Damien estaba sentado con una bebida en la mano, pareciendo poco impresionado.

Estaba sopesando los pros y los contras del plan de Leo contra Alaric, pero Leo ya estaba actuando en consecuencia.

—Tu plan no funcionará.

—Esconderse de todas las cámaras y robar de NexGuard no sonaba fácil.

Si lo atrapaban, Alaric no pararía hasta encontrar al verdadero perpetrador.

Leo se encogió de hombros como si no importara.

—No tiene que sonar bien, Damien.

Solo tiene que ganar.

Esa era la cosa con Leo.

Solo iba con el equipo que tenía garantizado ganar.

Por lo tanto, Damien dejó su trabajo a un lado y fue al club.

—Ya verás —Leo levantó su copa perezosamente—.

Dale un minuto.

Mientras los segundos pasaban, Damien golpeaba con los dedos sobre la mesa, impaciente.
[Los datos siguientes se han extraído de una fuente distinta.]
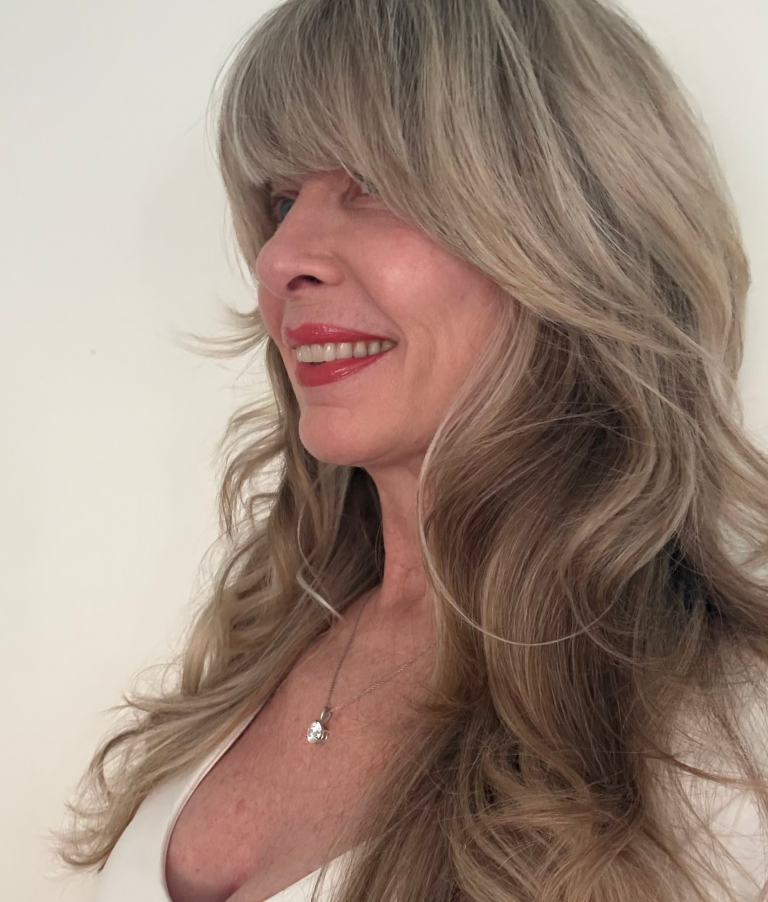 Tanya, Creative Director at Whitehouse Salon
—¿Y quién es tu boleto mágico?

Leo sonrió con suficiencia, leyendo un mensaje en su móvil.

Se volvió hacia la puerta de la sala privada.

—Míralo tú mismo.

Damien siguió su mirada y vio a un hombre entrar, con aspecto elegante pero calculador.

Leo ni siquiera se inmutó, sonriendo de oreja a oreja.

Damien parpadeó.

—¿Nicholas?

Nicholas Lancaster, el medio hermano de Alaric.

Damien sabía que Nicholas siempre había intentado derribar a Alaric, pero ¿trabajar con otros para destruir a su medio hermano?

Esto era el siguiente nivel.

Leo se puso de pie con fingida formalidad:
—Conoce a Nicholas Lancaster —señaló a Nicholas con una mano y a Damien con la otra—.

Conoce a Damien Ashford.

Y declaró:
—Los dos hombres que podrían enterrar conjuntamente a Alaric Lancaster.

Nicholas se sentó como si fuera el dueño del lugar.

La sonrisa en sus labios era confiada, pero sus ojos estaban llenos de algo más oscuro.

Cuando recibió una llamada de Leo sugiriendo que había un hombre que estaba tan ansioso como él por derribar a Alaric, no esperaba mucho.

Mirando a Damien, no le importaban las razones de Damien.

Todo lo que le importaba era que el rápido ascenso de NexGuard había comenzado a sacudir su posición en Lancaster Global Holdings.

Justo con el lanzamiento del producto de NexGuard, los accionistas susurraban a su padre para traer a Alaric a la empresa en lugar de desperdiciar su talento fuera.

¿Cómo podía simplemente sentarse y no hacer nada cuando Alaric estaba ascendiendo para arrebatarle su posición?

—Sea cual sea el plan —dijo Nicholas—, estoy dentro.

Los labios de Damien se curvaron.

Finalmente, había encontrado a alguien que odiaba a Alaric tanto como él.